Drivers allege that conductor posts are retained even when tickets are largely booked online for long-haul night buses. Though Swift has conductor-cum-driver posts, KSRTC has not yet created such a post. To be sure, Minal buses going beyond Kozhikode, say to Mananthavady and Kasaragod have two drivers, who double up as conductors, too. "But there is no such post yet," said Boban.

When fatigue turns fatal
Naseer said he sent an RTI query to Kottayam District Transport Office asking for KSRTC's official stance on driver's duty time. In a reply on November 10, 2025, the DTO replied that no information regarding the driver’s duty time, maximum working time, safety reforms undertaken by KSRTC, and steps taken and instruction given by the corporation to reduce accidents was available with the office. "I got that callous reply despite the CMD's memorandum dated December 18, 2018, was sent to all units," said Naseer.

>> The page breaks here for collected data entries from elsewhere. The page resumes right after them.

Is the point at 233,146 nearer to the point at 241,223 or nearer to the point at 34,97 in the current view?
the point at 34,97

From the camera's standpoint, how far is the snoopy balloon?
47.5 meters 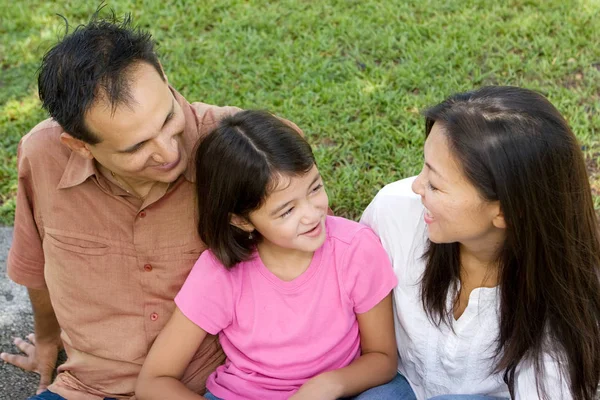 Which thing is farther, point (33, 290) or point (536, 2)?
point (536, 2)

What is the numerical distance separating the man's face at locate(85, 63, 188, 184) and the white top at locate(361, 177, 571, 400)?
0.75 m

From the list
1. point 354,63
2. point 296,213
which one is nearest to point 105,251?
point 296,213

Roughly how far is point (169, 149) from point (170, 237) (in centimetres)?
38

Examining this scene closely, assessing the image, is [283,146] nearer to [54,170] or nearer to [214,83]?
[54,170]

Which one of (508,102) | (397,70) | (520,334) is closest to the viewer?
(508,102)

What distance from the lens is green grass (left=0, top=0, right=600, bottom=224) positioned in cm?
411

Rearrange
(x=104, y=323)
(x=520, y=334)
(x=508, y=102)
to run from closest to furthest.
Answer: (x=508, y=102)
(x=520, y=334)
(x=104, y=323)

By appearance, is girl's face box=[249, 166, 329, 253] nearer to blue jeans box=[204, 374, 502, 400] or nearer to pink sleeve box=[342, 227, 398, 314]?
pink sleeve box=[342, 227, 398, 314]

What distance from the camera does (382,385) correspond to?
2.73m

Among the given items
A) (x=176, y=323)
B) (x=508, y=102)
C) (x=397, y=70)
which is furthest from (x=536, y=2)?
(x=176, y=323)

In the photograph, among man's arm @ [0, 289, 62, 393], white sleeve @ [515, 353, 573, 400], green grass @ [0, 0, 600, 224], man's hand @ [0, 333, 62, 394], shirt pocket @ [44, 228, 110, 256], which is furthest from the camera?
green grass @ [0, 0, 600, 224]

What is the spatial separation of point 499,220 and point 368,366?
69 centimetres

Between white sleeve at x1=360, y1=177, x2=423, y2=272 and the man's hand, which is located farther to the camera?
the man's hand

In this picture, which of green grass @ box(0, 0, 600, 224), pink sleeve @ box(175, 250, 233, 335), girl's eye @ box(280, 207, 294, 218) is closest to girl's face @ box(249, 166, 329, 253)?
girl's eye @ box(280, 207, 294, 218)
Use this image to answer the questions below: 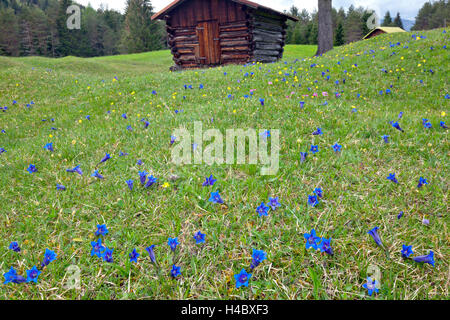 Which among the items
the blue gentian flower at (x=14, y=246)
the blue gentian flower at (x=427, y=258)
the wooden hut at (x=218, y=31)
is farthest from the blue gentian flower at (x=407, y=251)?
the wooden hut at (x=218, y=31)

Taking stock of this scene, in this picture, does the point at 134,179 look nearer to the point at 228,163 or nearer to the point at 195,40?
the point at 228,163

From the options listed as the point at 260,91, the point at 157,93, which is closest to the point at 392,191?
the point at 260,91

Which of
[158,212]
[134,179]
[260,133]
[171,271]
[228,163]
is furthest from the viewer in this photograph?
[260,133]

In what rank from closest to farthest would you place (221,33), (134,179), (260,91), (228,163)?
(134,179)
(228,163)
(260,91)
(221,33)

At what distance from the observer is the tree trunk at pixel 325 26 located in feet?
61.5

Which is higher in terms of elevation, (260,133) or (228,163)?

Naseer points to a recent head-on collision between two KSRTC buses on the Thiruvananthapuram-Nagarcoil route -- the same route Somasundaran had refused to ply after 10-hour duty. “One driver lost both legs; the other lost one,” he said.

“KSRTC will blame the driver. But such accidents happen when drivers have logged more than 10 hours. That’s when fatigue kicks in,” Somasundaran added. Naseer, who is not part of any trade union, said he wanted to expose the double standards of the government and trade union. "That's why I demanded to work on bandh day."